Wednesday, May 31, 2006

Little Black Heart


The gargoyles above the entrance looked down and laughed at me as I left the building, my mind addled by the cocktail of thoughts: obsession and despair, and a black cloud of persistent ghosts. If the gargoyles really cared they would have remembered me and my ghosts, if they really cared they might have offered me some advice:
‘Heart of stone mate, don’t let them get to you.’ or ‘Hard men don’t crumble under the pressure – take it on the chin and come out swinging’
But they didn’t care – it’s a wonder they saw me at all – they didn’t care, and I wouldn’t have taken their advice anyway.
They looked down at this soft fleshy man and his ghostly companions and laughed. Laughed at the weakness of his mind and at the power that his body held over that mind. They laughed, then stopped laughing for fear of cracking their ancient sides. Then they forgot; after all, a few hundred years of watching makes it difficult to remain entertained by the short-sighted antics of humanity; his petty squabbles and self gratifying edifices of glass and steel; his blood letting and chest beating antics; his shallow technical prophets and deep greedy pockets; his pride and stupidity.
Gods in their own right, the gargoyles returned to the timeline of stone, each watching the moss grow green on the other’s cold shoulders.

Monday, May 29, 2006

Profane Thoughts


Imagine a world where certain words were so powerful as to condemn a man to eternal torture.
Imagine a world where religious ideology was enforced without morality.
Imagine a world where the many were dictated to by the few, where you dare not see that the emperor was naked.
Imagine a world capable of, but unwilling to feed all of its inhabitants.
Imagine a world where contentment could only be attainable through the pursuit of wealth.
Imagine a world where success and status could only be measured by wealth.
Imagine a world where it’s okay to steal from the poor and give to the rich.
Imagine a world where you could be thankful for being able to work three jobs to feed your children.
Imagine a world where we fed our children ignorance.
Imagine a world where our children became killers and we applauded them for it.
Imagine a world where to speak plainly was to be misunderstood.
Imagine a world where words could be twisted to become something other of their original meaning.
Imagine a world where people thought exactly what they were taught to think.
Imagine a world where you were either wrong or right; good or bad; liberal or conservative.
Imagine a world where 95% of the land was owned by 5% of the people.
Imagine a world where nobody ever had to admit responsibility for their actions.
Imagine a world where nobody ever had to apologise.
Imagine a world where justice was dealt according to socio-economic class.
Imagine a world where you couldn't believe what your mama told you.

Friday, May 26, 2006

This is How You Disappear...


To paraphrase John Lydon; This is not a pop song.
It's a strange journey indeed: Scott Engel (Walker) travels from being one third of vocal greatness and middle of the road trio the Walker Brothers in the mid-sixties; via deep flirtation with the songs of Jacques Brel, warned off recording his own songs after Scott 4 to this – an atmospheric and poetic masterpiece; something to stand out there on its own; a singularity.
The Walker Brothers white soul was the sort of stuff your mother would find acceptable, and might even hum along to.
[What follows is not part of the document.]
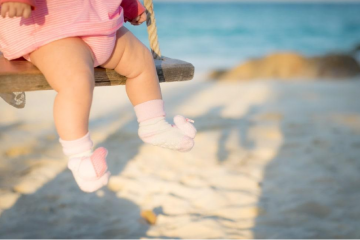 baby on the beach wearing pink baby girl socks on the swing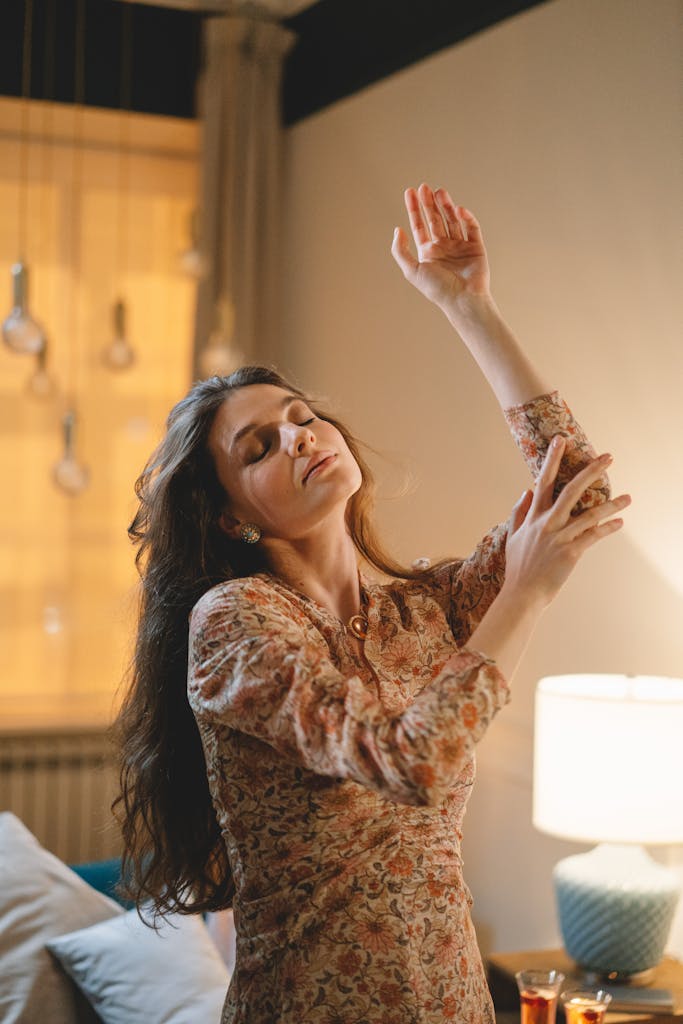 A serene portrait of a woman dancing indoors, capturing a moment of peaceful freedom.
Make It Easy on Yourself. Fantastic voices to be sure, but only pop music in the end.
Putting aside his covers of many Brel's songs (great voice, but primarily great because these are Brel songs) Engel's solo career as Scott Walker goes off into dark and sketchily charted territory, he takes his beautiful voice, rich as polished wood; on great heart-and-mind wrenching forays into fear and loathing; drama and the theatre of melancholia - from re-telling The Seventh Seal to heartbreaking Plastic Palace People.
But it's all a bit forced, a bit self-conscious; a thoughtful man struggling to find his voice.
In 1984 he deals Climate of Hunter from the bottom of the deck.
Ironically this is probably his lowest selling album, but since when was that a measure of greatness? Climate of Hunter drives a scalpel into tissue so deep and haunting as to raise the hair on the back of your neck. Indescribable songpoems with spiralling soundtracks littered with erratic cowbells and expanding cruscendoes that lead ever inward to a place where words take on a deeper reality.
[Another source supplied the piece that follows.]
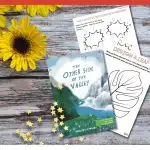 The image features educational materials on a wooden background promoting understanding of solitude and friendship in children, with a book, worksheets, and a yellow flower.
From the host of latecomers
a miracle enters the street
shining with rain
he is shaking to wash the murder away

You don't get to this kind of destination just from watching new wave cinema or dabbling in chemical splendour. You don't make friends in the music industry (then or now) by walking this close to the abyss.
His voice is no longer what drives the music; he is detached from the content; he has disappeared, out between midnight.

A low volume force feed
lower than pity
slips across under the heart
and your hostage rewinding
from every eclipse
rolls in the voltage run-off rain on his lips

Scott Walker releases The Drift, his third album in thirty years, this month.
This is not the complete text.